▸ **Collected material**:

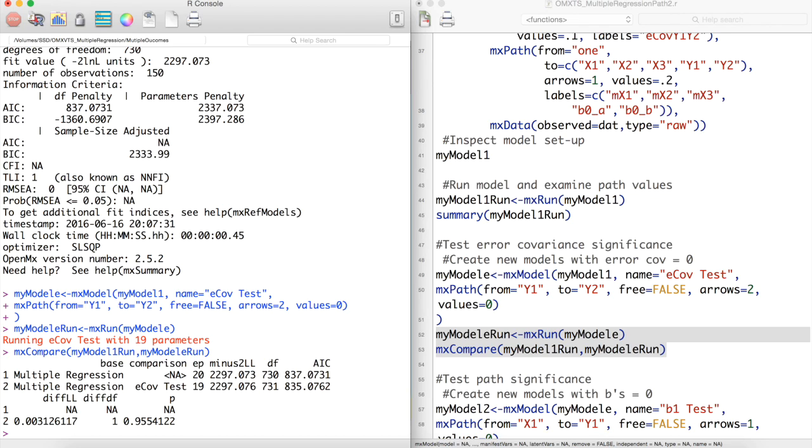Thus for further analysis, we might want to use the second model as opposed to our original model, as this second model has more degrees of freedom to work with.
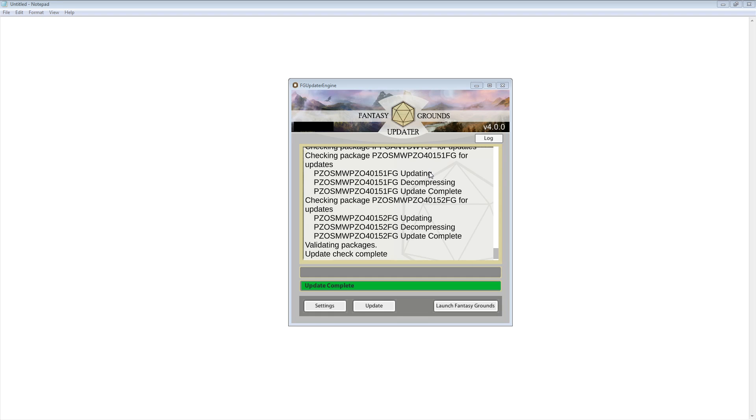Now that this is done, everything else is ready to go. Fantasy Grounds is ready to go. It's pulled down all of your entitlements, all of your DLCs, modules, things like that, that are coming directly from the Fantasy Grounds website or servers. You can just click the Launch Fantasy Grounds at this point. When I've got Fantasy Grounds back up and running, I will do that, and we will move on to the next section.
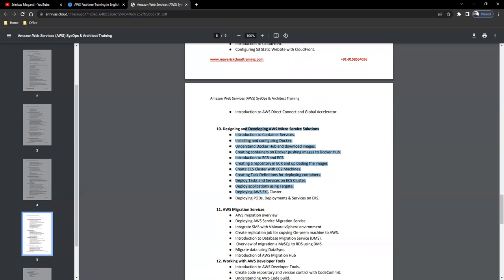Migration: how you will migrate the servers or applications or databases from your on-premise to AWS using the in-built services within AWS.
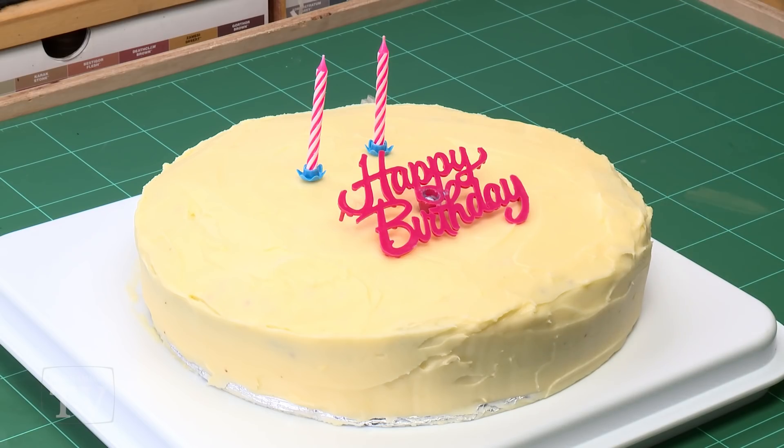The sprues have popped through in the appropriate places to give us two wonderful candles and they've also formed themselves to say happy birthday as well. Isn't it wonderful? Isn't it perfect?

▸ **Exercise description**: Give the listing again word for word. Skip any pictures.

▸ **Answer box**:
Thus for further analysis, we might want to use the second model as opposed to our original model, as this second model has more degrees of freedom to work with.
Now that this is done, everything else is ready to go. Fantasy Grounds is ready to go. It's pulled down all of your entitlements, all of your DLCs, modules, things like that, that are coming directly from the Fantasy Grounds website or servers. You can just click the Launch Fantasy Grounds at this point. When I've got Fantasy Grounds back up and running, I will do that, and we will move on to the next section.
Migration: how you will migrate the servers or applications or databases from your on-premise to AWS using the in-built services within AWS.
The sprues have popped through in the appropriate places to give us two wonderful candles and they've also formed themselves to say happy birthday as well. Isn't it wonderful? Isn't it perfect?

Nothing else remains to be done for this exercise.